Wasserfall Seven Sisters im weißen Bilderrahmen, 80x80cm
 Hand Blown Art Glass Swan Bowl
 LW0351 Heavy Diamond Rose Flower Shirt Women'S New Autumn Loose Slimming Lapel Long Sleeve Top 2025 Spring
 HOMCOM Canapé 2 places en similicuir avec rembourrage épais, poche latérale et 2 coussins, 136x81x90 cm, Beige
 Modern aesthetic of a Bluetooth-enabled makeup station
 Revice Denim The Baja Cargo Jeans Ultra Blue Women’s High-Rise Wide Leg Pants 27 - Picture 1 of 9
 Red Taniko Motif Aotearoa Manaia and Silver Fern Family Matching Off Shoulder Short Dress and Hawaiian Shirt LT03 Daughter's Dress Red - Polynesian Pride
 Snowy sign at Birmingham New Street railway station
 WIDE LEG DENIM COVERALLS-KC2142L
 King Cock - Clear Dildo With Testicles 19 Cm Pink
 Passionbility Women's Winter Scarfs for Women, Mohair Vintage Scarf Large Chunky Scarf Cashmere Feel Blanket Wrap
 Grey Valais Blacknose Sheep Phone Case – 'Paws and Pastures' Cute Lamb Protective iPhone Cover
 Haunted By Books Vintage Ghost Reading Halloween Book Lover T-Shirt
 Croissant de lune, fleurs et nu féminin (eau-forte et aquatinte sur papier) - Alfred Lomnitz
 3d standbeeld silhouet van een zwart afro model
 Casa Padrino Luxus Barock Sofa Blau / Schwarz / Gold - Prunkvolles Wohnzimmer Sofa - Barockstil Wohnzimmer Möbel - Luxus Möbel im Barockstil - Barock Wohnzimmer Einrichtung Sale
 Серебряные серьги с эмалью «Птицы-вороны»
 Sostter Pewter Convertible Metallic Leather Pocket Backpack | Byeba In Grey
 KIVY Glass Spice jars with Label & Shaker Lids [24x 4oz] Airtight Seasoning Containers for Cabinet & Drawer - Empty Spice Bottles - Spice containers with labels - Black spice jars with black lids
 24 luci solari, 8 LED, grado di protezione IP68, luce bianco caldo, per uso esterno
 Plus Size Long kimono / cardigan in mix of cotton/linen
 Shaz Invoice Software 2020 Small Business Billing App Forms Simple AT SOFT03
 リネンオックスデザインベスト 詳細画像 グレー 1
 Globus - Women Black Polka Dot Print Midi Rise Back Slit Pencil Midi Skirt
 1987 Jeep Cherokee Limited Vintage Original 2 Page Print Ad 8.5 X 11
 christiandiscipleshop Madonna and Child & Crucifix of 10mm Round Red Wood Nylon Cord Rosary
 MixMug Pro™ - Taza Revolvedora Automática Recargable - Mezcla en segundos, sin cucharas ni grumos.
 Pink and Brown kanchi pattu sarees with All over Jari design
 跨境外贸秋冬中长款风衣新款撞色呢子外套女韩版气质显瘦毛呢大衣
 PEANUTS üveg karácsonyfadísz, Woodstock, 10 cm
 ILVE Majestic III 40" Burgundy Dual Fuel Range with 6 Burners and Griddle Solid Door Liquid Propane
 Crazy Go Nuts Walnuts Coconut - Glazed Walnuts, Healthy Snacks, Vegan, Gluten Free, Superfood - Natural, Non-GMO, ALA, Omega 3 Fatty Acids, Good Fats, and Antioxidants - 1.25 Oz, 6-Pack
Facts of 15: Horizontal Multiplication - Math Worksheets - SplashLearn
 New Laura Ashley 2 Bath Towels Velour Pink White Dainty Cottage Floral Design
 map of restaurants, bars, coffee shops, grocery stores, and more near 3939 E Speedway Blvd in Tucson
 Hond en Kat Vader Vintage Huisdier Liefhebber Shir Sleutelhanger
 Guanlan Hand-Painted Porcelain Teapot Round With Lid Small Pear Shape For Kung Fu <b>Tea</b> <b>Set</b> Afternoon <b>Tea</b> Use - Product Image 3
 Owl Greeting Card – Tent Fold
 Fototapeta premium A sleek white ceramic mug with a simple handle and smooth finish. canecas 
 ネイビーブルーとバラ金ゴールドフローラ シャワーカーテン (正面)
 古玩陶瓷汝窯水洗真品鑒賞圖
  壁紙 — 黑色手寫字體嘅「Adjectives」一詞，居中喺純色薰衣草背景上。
_____
What the task requires -
Beginning with the line containing "Globus - Women" and ending with the line containing "ILVE Majestic III", extract those lines exactly from the listing above, and only those.

Result -
 Globus - Women Black Polka Dot Print Midi Rise Back Slit Pencil Midi Skirt
 1987 Jeep Cherokee Limited Vintage Original 2 Page Print Ad 8.5 X 11
 christiandiscipleshop Madonna and Child & Crucifix of 10mm Round Red Wood Nylon Cord Rosary
 MixMug Pro™ - Taza Revolvedora Automática Recargable - Mezcla en segundos, sin cucharas ni grumos.
 Pink and Brown kanchi pattu sarees with All over Jari design
 跨境外贸秋冬中长款风衣新款撞色呢子外套女韩版气质显瘦毛呢大衣
 PEANUTS üveg karácsonyfadísz, Woodstock, 10 cm
 ILVE Majestic III 40" Burgundy Dual Fuel Range with 6 Burners and Griddle Solid Door Liquid Propane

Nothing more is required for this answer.